Globes in Israel reported that sources said that Thornley left over differences with Chairman Idan Ofer over Better Place’s future, especially over plans to reduce activity in global markets and focus on its core markets of Israel and Denmark.
Thornley’s first job, the Globes report noted, was to develop a recovery plan for Better Place’s Israeli operations—a condition for further financing. Thornley presented the plan to the board of Israel Corporation, Better Place’s controlling shareholder, in December. The plan reportedly included sharp spending cuts, extensive layoffs, an expansion of activity in other countries, offering battery recharging services to other electric carmakers, and offering a new and cheaper plan to leasing companies.
Idan Ofer, Chairman of the Board of Better Place, will now assume the role of Executive Chairman and manage external relationships and alliances for Better Place, while Alan Gelman, Global CFO for Better Place, will manage day-to-day operations.
In a statement on the change, the company noted that under Thornley, the company was able to raise the capital it needed to sustain continued operations, and underwent a significant restructuring. The Better Place Board now wishes him “the best of luck in his future endeavors.”

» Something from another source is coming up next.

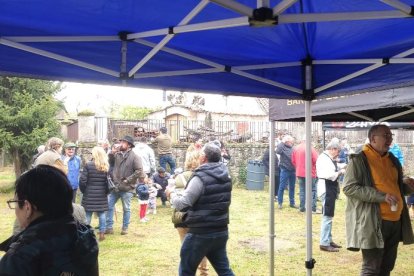 Vinuesa se volcó en su parrillada solidaria a beneficio de Manos Unidas.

Globes quoted Ayalon Group chief strategist Yaniv Pagot as saying, regarding Thornley’s departure: “The investment in Better Place is beginning to look more like an investment in a rollercoaster than an investment in an infrastructure for electric cars. If the company’s new CEO is on his way out, we’re talking about a managerial pile-up.”
Better Place is a developer and proponent of a battery switch model for EVs. The company owns and operates a network of battery switch stations and public/personal charge spots, along with the supply of batteries that power the cars.